[Data under study Boundary: Start]

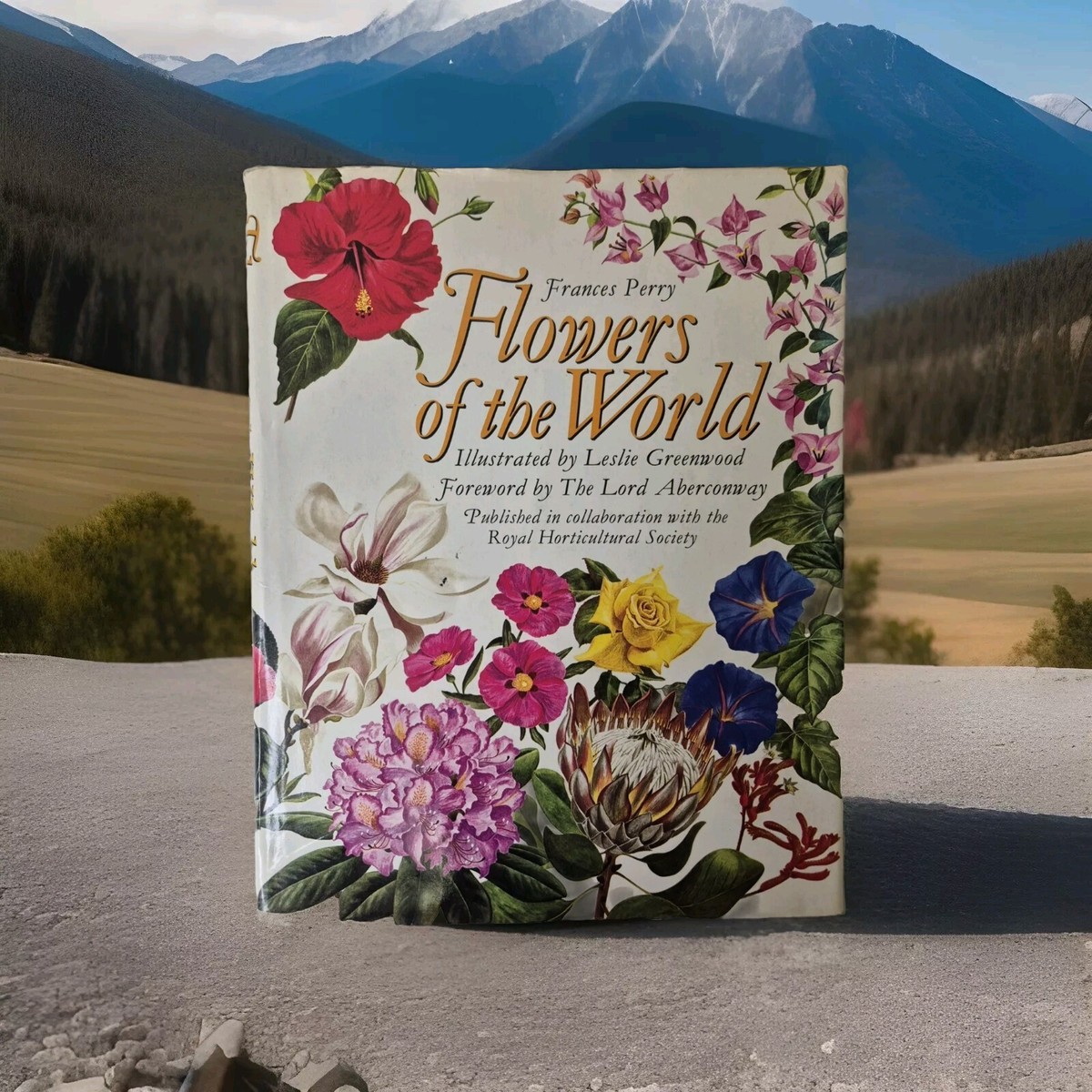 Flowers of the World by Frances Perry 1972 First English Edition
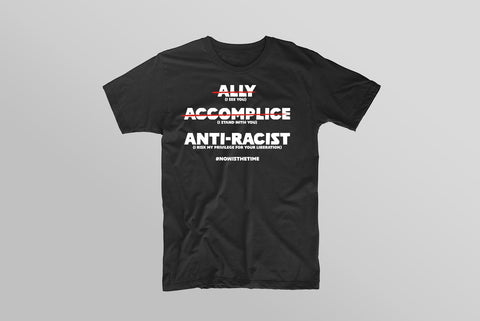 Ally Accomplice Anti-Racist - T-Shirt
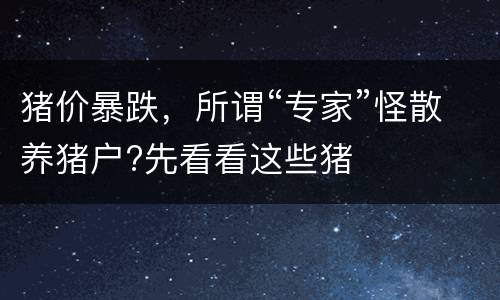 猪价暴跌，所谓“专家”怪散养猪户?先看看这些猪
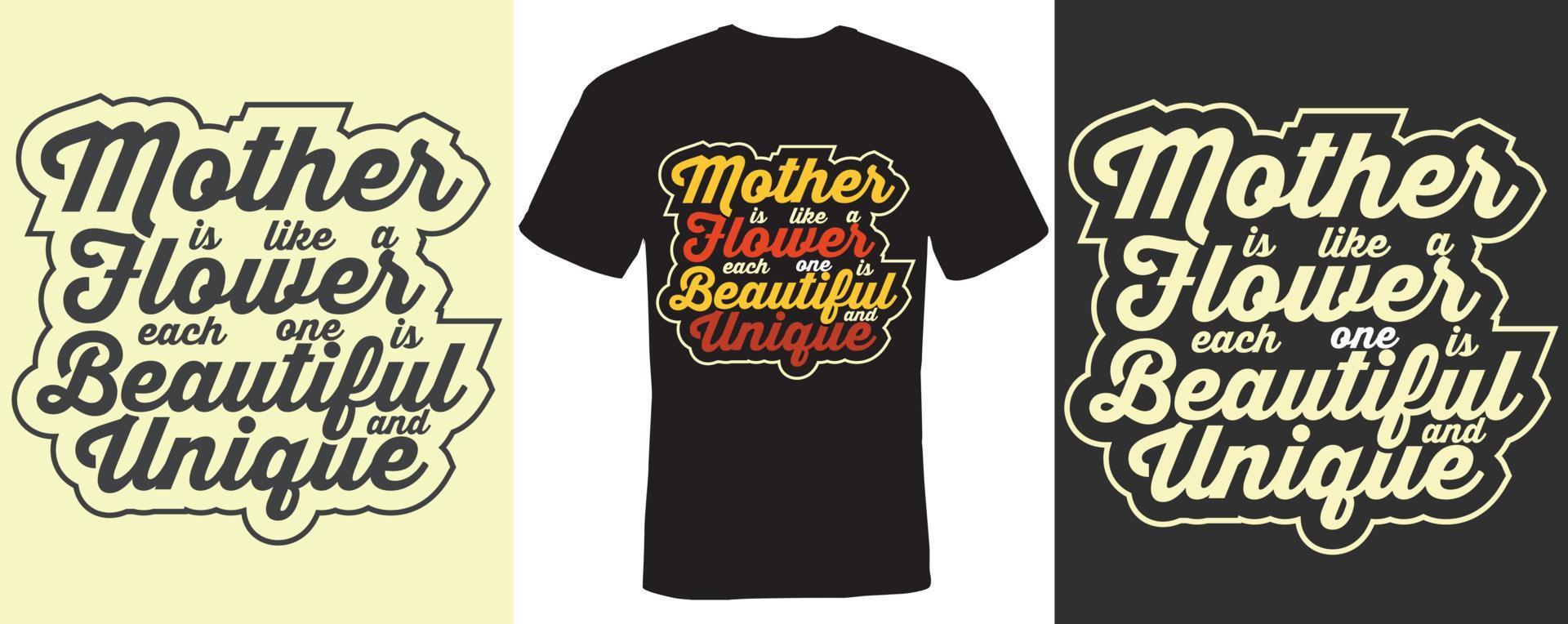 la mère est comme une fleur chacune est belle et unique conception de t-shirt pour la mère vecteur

[Data under study Boundary: End]
[Data under study Boundary: Start]

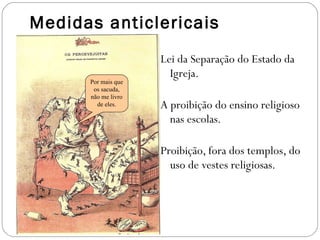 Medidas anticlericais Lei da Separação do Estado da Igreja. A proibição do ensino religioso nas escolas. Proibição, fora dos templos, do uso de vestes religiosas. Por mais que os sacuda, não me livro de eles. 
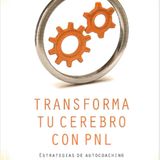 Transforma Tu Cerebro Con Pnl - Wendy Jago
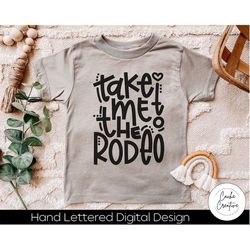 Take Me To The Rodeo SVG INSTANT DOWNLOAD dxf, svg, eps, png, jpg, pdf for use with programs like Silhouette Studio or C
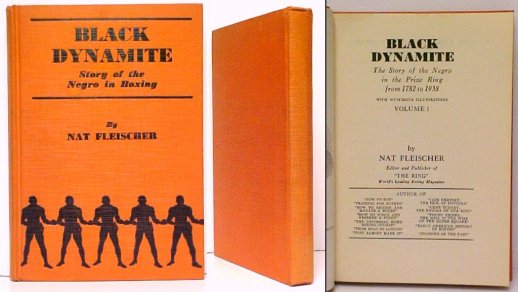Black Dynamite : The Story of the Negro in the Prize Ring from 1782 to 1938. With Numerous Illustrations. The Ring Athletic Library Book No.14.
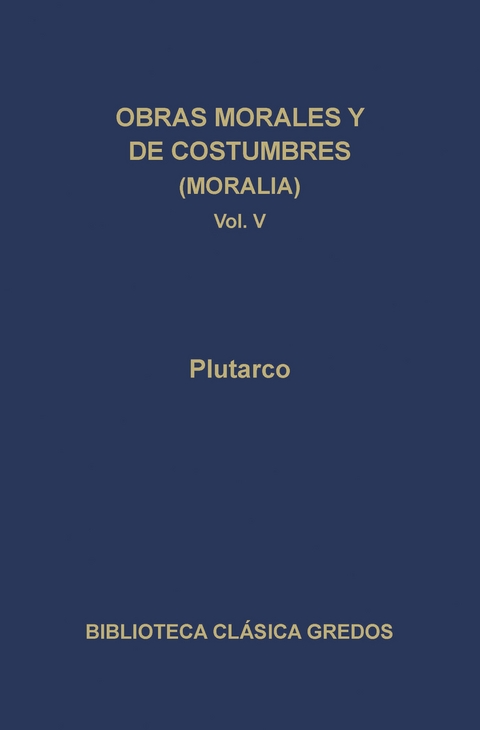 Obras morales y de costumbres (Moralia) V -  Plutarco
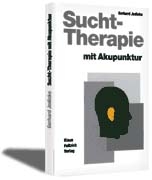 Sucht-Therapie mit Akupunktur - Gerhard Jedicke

[Data under study Boundary: End]
[Data under study Boundary: Start]

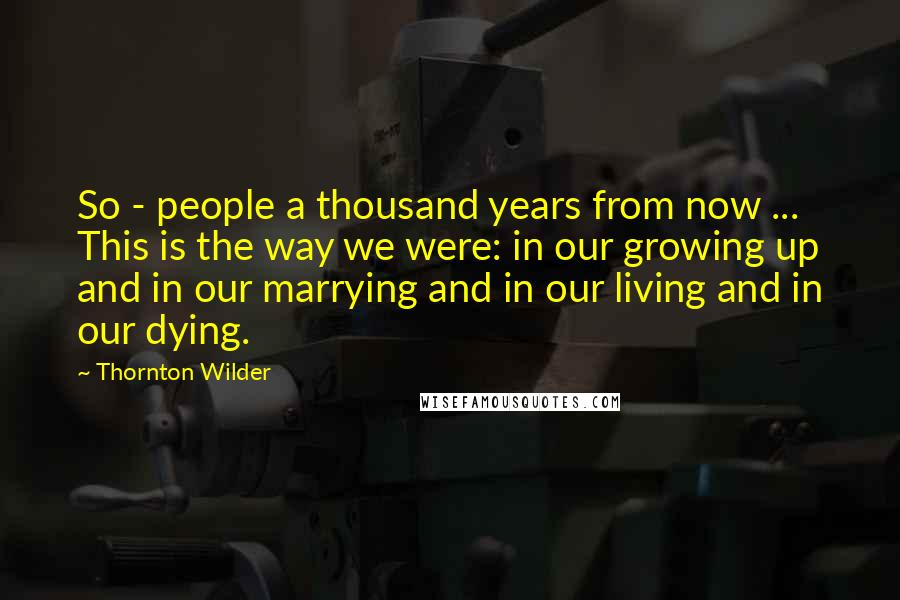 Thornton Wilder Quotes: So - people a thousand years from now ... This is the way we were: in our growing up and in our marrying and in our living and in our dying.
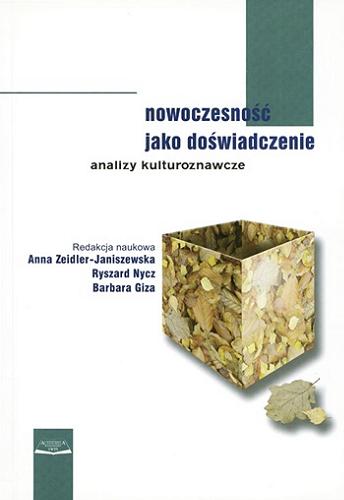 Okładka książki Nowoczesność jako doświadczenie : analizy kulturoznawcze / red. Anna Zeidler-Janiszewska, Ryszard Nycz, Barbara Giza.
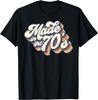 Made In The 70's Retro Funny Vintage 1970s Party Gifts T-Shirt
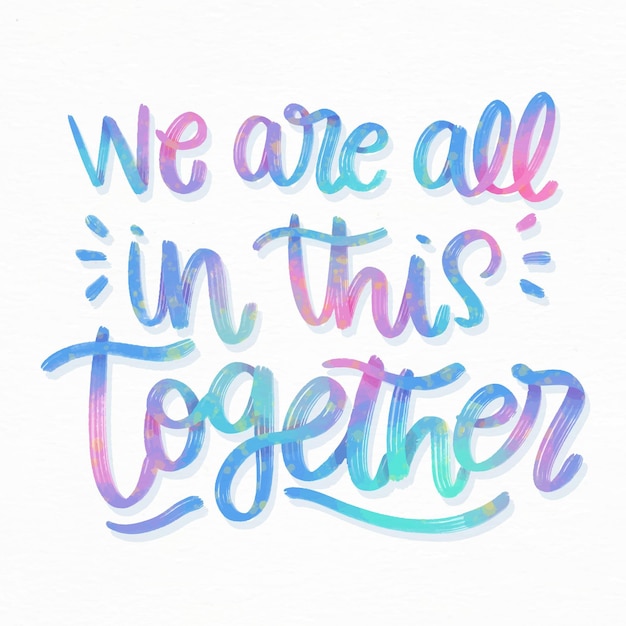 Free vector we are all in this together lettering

[Data under study Boundary: End]

◆ **Aim of the task**: Everything above from the line that has "Flowers of the" down to the line that has "la mère est" should be output exactly, with both of those lines included. Leave the pictures behind.

◆ **Solution for this exercise**:
 Flowers of the World by Frances Perry 1972 First English Edition
 Ally Accomplice Anti-Racist - T-Shirt
 猪价暴跌，所谓“专家”怪散养猪户?先看看这些猪
 la mère est comme une fleur chacune est belle et unique conception de t-shirt pour la mère vecteur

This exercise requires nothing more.